With Phoebe in the wind, JD blames himself for getting manipulated so easily. Mackey tries to remind him that he was dosed by an expert. In fact, they discover through a little light hacking that Phoebe was in charge of a psyops program called Operation Tarot. She used her drugs to manipulate a couple into brutally killing themselves, but was caught by the authorities. Her handler cut her loose at that point and the team reasons that she is striking out at Fleet Week to draw out the US Government to get her revenge for abandoning her to her fate in prison. It is not long until we find out that the helpful psychiatrist from earlier was actually her handler. He is actively hunting her but is over his head.
The team manages to catch Phoebe and they put her in the interrogation room. Even with Phoebe in his home field, JD hesitates to question her again. Mackey gets his head back in the game and JD faces his fears. He is able to bait her into confessing it all. Meanwhile, the psychiatrist/handler shows up to break Phoebe out. However, at the last moment the team is able tor realize that he has been brainwashed into doing so. The idea was for him to assault a federal facility so he would die by suicide by cop. Realizing that he is unarmed, they take him peacefully so that he can also answer for his crimes. At the same time, the seaman’s boyfriend acts on a subliminal command to kill himself publicly, and the team is able to stop that as well.
The episode mostly dips into the elements of hypnosis, brainwashing, and psyop programs similar to MKULTRA. While Tarot is a visual theme, they do not go to great lengths to get that right.

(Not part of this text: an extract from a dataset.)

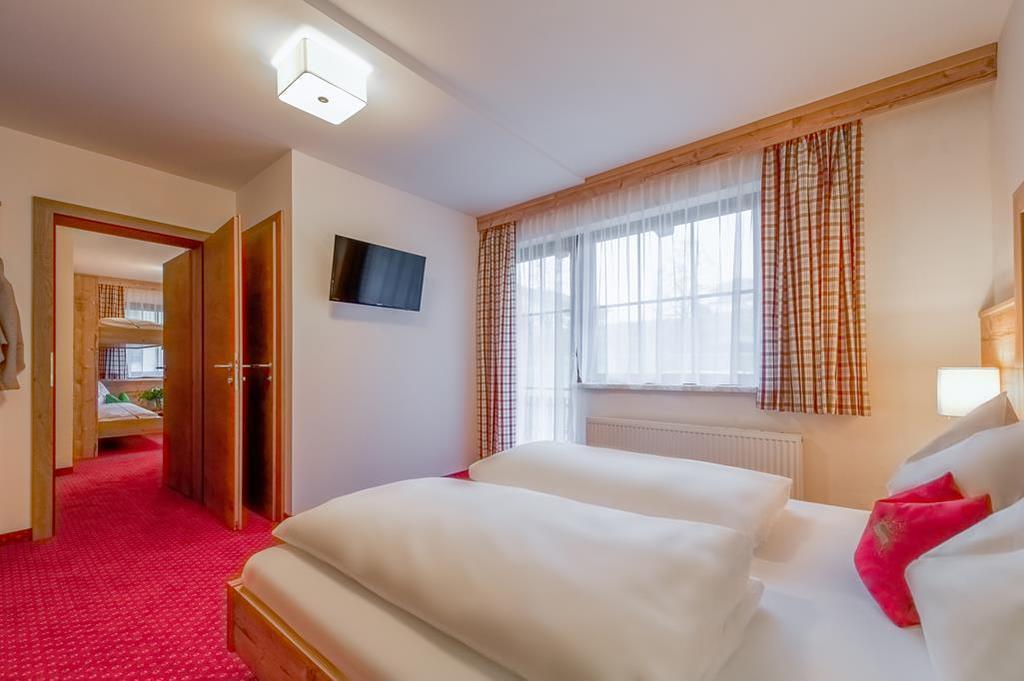 Pension Haus Am Dorfplatz Флахау Экстерьер фото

However, this is forgivable since the agents are not very knowledgeable about the subject and the killer only uses some of the language and custom artwork as prompts for her suggestions. The only tarot expert in the episode is dead in a bathtub before we see her. The hypnosis scenes remind me a lot of scenes in movies like Get Out and Weapons. When people take the drug, their vision blurs and there is a frantic desperation to the scene. It felt awful in the best ways. There is a little truth to this kind of brainwashing as the US government used LSD and other drugs to make people more suggestible or mentally weak. Still, it is just a very creepy flight of fancy. This episode killed it and showed me why sometimes an episode can grab you and not let go.